A massa de desesperados nada ouvia, entrando e empurrando o casal junto com eles. Paulo segurava com força o braço da futura esposa, puxando-a contra a parede. Com dificuldade, foi caminhando para a porta, vendo a fumaça negra que escurecia o lugar e penetrava atrás das pessoas, como que as perseguindo de forma implacável.
Era impossível ver direito, mas ele sentia que não havia chamas. O fogo consumiu a espuma do teto queimando-a toda. Entretanto, foi combustível insuficiente para um incêndio mais vasto, tanto que o calor, apesar de elevado, era suportável. Ciente dos perigos, gritou para Joana:
– Amor, evita respirar isso. – Notou que o caminho ficava livre e alcançaram a porta, indo para o salão principal, onde já não se ouvia grande coisa a não ser tosses e respirações chiadas ocasionais. Aos poucos, até isso cessava.
Infelizmente, nada viam e precisavam de caminhar muito cuidadosamente, procurando a saída com dificuldade. Sempre mantendo a mão da Joana bem apertada, Paulo procurava alcançar a porta da rua. Os olhos ardiam muito e os pulmões queimavam, já tornando a respiração insuportável, como se estivesse com uma forte asma. Joana começou a tossir e arquejar, cada vez pior, enquanto os seus pulmões chiavam intensamente na busca de ar puro que não existia ali. Paulo sentia-se igualmente mal, mas lutava com todas as forças para os salvar quando Joana tropeçou num corpo e caiu. O noivo tentou ajudá-la a levantar-se, porém nenhum dos dois tinha mais forças. Ela deixou-se ficar no chão, entregando os pontos.
– Fuja, amor – sussurrou em meio à tosse. – Eu não consigo andar mais, salve-se.
– Então ficaremos juntos, Joaninha – deitou-se ao seu lado, abraçando a mulher da sua vida. – E morreremos juntos se for esse o nosso destino. Devias ter ido para Joinville, me perdoa.
– Hoje você me fez a pessoa mais feliz do mundo, Paulo, e não me arrependo nada de ter ficado.
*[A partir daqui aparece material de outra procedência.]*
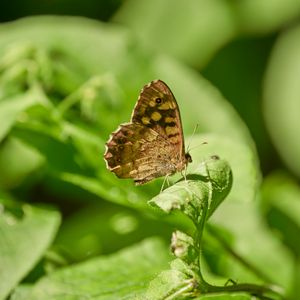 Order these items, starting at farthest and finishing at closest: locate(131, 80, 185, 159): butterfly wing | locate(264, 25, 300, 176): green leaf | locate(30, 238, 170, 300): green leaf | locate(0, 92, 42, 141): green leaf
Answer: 1. locate(264, 25, 300, 176): green leaf
2. locate(0, 92, 42, 141): green leaf
3. locate(131, 80, 185, 159): butterfly wing
4. locate(30, 238, 170, 300): green leaf

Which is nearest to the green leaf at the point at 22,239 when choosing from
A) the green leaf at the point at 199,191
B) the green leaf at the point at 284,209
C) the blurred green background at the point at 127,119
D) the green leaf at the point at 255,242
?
the blurred green background at the point at 127,119

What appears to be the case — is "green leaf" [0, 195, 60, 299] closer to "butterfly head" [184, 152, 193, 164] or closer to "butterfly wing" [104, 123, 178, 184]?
"butterfly wing" [104, 123, 178, 184]

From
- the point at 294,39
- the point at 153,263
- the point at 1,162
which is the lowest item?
the point at 1,162

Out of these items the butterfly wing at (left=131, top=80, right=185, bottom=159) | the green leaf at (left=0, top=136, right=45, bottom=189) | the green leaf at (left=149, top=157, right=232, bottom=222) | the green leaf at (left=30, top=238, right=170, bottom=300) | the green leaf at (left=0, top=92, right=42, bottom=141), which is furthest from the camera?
the green leaf at (left=0, top=136, right=45, bottom=189)

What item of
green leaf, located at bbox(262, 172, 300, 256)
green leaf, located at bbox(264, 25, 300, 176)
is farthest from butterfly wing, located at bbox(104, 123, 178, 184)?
green leaf, located at bbox(264, 25, 300, 176)

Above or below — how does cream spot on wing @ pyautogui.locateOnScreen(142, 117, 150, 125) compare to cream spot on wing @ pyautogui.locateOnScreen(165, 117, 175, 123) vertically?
below

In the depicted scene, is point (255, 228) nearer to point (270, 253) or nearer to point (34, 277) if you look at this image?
point (270, 253)

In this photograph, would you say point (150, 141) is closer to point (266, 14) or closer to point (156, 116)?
point (156, 116)

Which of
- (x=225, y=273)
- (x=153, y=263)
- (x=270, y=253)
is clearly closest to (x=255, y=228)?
(x=270, y=253)

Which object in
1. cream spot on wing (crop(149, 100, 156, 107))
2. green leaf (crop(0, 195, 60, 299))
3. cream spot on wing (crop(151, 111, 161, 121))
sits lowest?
green leaf (crop(0, 195, 60, 299)) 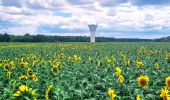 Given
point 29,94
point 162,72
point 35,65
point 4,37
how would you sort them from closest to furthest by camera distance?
1. point 29,94
2. point 162,72
3. point 35,65
4. point 4,37

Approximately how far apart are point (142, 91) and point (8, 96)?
2.09 metres

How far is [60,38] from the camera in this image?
217 ft

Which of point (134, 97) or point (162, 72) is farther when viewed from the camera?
point (162, 72)

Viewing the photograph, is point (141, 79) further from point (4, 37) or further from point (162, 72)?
point (4, 37)

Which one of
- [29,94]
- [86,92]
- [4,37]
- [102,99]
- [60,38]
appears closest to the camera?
[29,94]

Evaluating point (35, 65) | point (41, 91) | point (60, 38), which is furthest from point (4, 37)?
point (41, 91)

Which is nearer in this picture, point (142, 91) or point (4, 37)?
point (142, 91)

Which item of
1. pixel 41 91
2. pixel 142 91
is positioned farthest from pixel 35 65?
pixel 142 91

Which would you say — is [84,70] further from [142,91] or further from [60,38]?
[60,38]

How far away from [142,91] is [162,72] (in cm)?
347

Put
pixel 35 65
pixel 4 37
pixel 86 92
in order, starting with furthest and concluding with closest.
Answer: pixel 4 37
pixel 35 65
pixel 86 92

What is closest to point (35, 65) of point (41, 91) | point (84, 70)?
point (84, 70)

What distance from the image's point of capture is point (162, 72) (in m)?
9.21

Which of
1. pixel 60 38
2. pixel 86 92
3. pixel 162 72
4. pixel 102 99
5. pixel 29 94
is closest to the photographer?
pixel 29 94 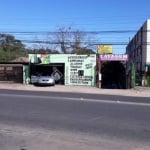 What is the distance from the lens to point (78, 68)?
4744 cm

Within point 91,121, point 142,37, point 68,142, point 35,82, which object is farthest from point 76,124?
point 142,37

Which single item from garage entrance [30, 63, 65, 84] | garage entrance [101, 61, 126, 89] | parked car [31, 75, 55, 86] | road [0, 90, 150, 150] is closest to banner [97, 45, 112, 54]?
garage entrance [101, 61, 126, 89]

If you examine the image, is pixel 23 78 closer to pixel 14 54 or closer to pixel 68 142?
pixel 68 142

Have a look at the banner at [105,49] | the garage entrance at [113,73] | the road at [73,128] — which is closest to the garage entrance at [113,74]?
the garage entrance at [113,73]

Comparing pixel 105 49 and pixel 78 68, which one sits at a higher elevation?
pixel 105 49

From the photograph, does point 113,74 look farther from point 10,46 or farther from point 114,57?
point 10,46

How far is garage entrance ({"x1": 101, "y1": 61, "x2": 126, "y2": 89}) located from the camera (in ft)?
172

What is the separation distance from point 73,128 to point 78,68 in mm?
34596

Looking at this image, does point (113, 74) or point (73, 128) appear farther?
point (113, 74)

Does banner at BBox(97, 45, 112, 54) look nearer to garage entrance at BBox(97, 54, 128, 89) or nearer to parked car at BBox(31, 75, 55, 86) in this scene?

Foi apenas um azar e a vida que quis assim.
Num ímpeto momentâneo, o noivo falou, recitando uma ladainha muito antiga:
– Joana, aceitas Paulo como legítimo esposo, para amar e respeitar, na alegria e na tristeza, na riqueza e na pobreza, na saúde e na doença, até que a morte os separe?
– Aceito, sim – respondeu tossindo e sentindo sabor de sangue no catarro.
Paulo continuou, muito arquejante:
– Vamos encurtar. Eu também te aceito. E assim, eu nos declaro marido e mulher. – Beijou Joana, sentindo que a consciência se esvaía, devagar, mas implacável.
– Eu amo vo... – não conseguiu dizer mais nada, perdendo a consciência junto com o noivo. Abraçados e de bocas coladas, ambos partiram deste mundo, casados por si mesmos.
― ☼ ―
Lucas e Luciana chegaram à saída, sendo praticamente atropelados por duas garotas.
– Bah, tchê, mas que falta de educação! – reclamouele. Mal parou de falar, ouviu uns gritos e os seguranças fecharam as portas.
– Ei, queremos sair – reclamou. – A conta tá paga.
– Depois que os ânimos se acalmarem – respondeu um segurança, ameaçador.
Uma leva de pessoas aterrorizadas chegou aos gritos, empurrando todos de encontro à saída. Desesperado, Lucas pôs a esposa contra a porta e usou os dois braços estendidos para que ela não fosse prensada.
– PAREM COM ISSO, PELO AMOR DE DEUS, QUE A MINHA MULHER ESTÁ GRÁVIDA.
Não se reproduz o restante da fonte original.